Nth cousins Xth removed means that two persons share a common ancestor but are not the same relationship to that ancestor. The child of my first cousin is my first cousin once removed. The child of my first cousin once removed is my first cousin twice removed (not my second cousin). The child of my first cousin twice removed is my first cousin three times removed. And so on.

It is possible to be both a Nth cousin without the removal qualifier and an Nth cousin Xth removed. You see it all the time in Iceland today or in groups of aristocratic familes.

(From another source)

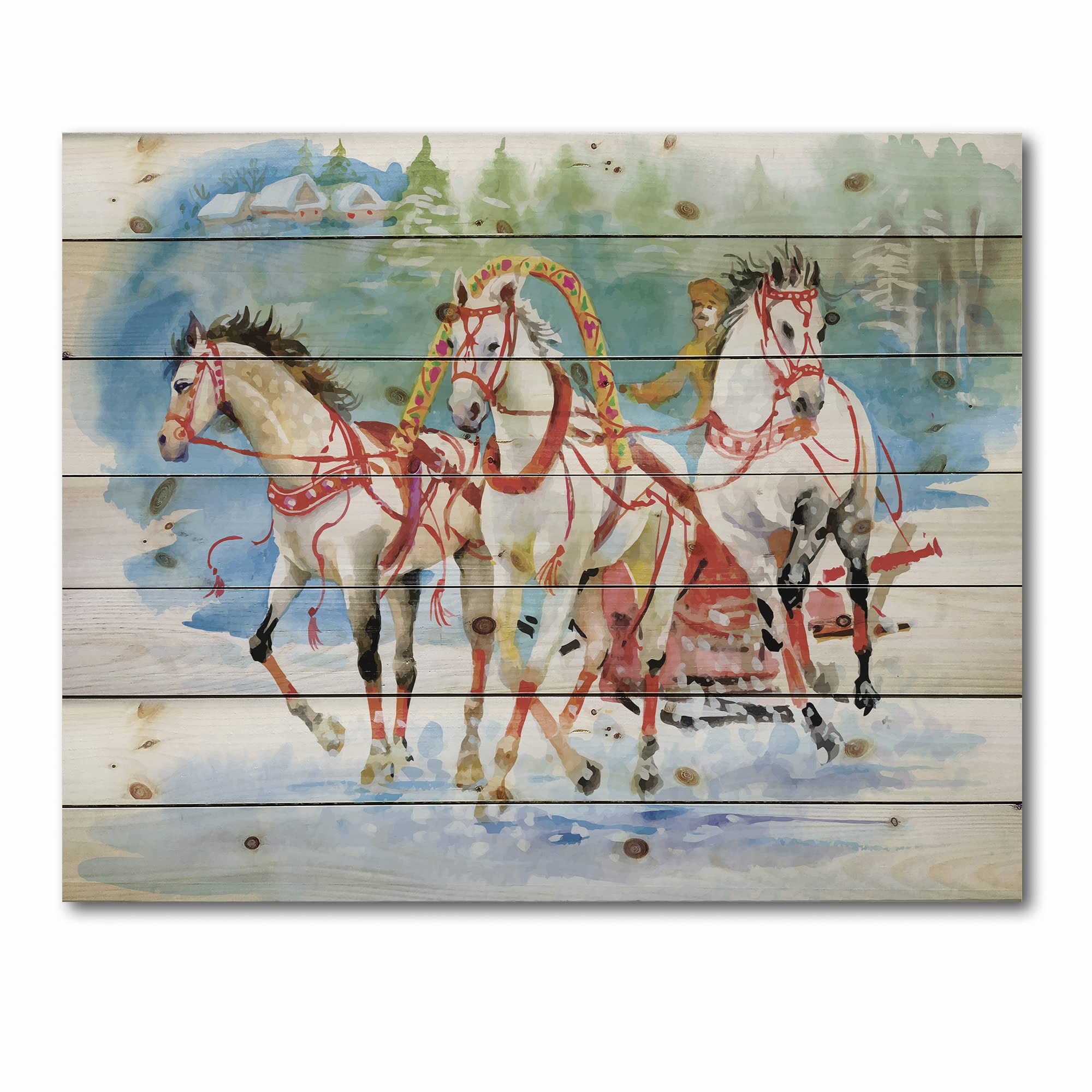 Farmhouse Wood Wall Decor - Galloping Horses with Carriage in Snow Scene, Red Wood Wall Art, Large Animal Wood Panels Printed on Natural Pine | Rustic Home Decor for Living Room, Bedroom, or Cabin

…Not to mention your father’s brothers wife, or your sister’s brother’s wife…

>>>>>>>>>>>>>>>>>>>

Since we’re discussing other cultures, it’s my understanding that in India they refer to (first) cousins as “brothers” or “sisters”, and IME, when dealing with Americans such as myself, “cousin-brother”. (I think this was just so that I understood that, while they referred to themselves as “brothers”, they were actually what I would consider “first-cousins”.) My question is, does this extend to 2nd or 3rd cousins as well? What would an Indian call their 3rd cousin?

I think it is more accurate to say that in Hindi, the same word is used for “brother” and “male first cousin” so some confusion pops up in a language that has different terms. In the same way in English we use the same term for “brother of a person’s mother” as we do for “brother of a person’s father” but there are languages that do not if I am remembering correctly. Will look up the language I have in mind when I get home.

Given the enormous number of languages which are native to India (where, for the purpose of this discussion and this discussion only, we will call a language native if it was spoken there already a thousand years ago), not to mention all those which have come to be frequently used in India in the past thousand years, it’s not easy to say precisely how they refer to particular relatives.

I’m familiar with the Thai expressions for kin relationships. Among the eight ways to be an aunt or uncle
{father,mother} 's {older,younger} {sister,brother}
there are four terms, but the mapping may be unexpected. If the aunt/uncle is older than the parent, we don’t bother stating which parent. However if the aunt/uncle is younger than the parent, we don’t bother stating its gender (i.e. whether it’s aunt or uncle).

The words for ‘child’, 'older sibling, ‘younger sibling’ are all single syllables in Thai, so ‘cousin’ is rendered with just 4 syllables as ‘child (of) sibling - child (of) sibling.’ Since the words for grandchild and even great-grandchild are also single syllables, the Thais would have a way to express even ‘2nd cousin 1x removed’ with just 4 syllables: ‘grandchild (of) sibling - gt-grandchild (of) sibling.’ However, when I’ve suggested such an idea to rural Thais while discussing genealogy, I get only blank stares. Instead I’m informed that ‘2nd cousin’ translates as ‘distant relative’ and ‘3rd cousin’ translates as ‘unrelated.’

In the U.S. I had very few 1st or 2nd cousins and wasn’t close to them. Mobility is less in rural Thai and there are many interesting relationships. Recently we went to the wedding of my wife’s 1st cousin 2x-removed. Since my wife is the youngest daughter of a youngest daughter, while the groom is the oldest child of the oldest child of the oldest child of an older child, the groom is several years older than my daughter but technically he “should” call her ‘aunt.’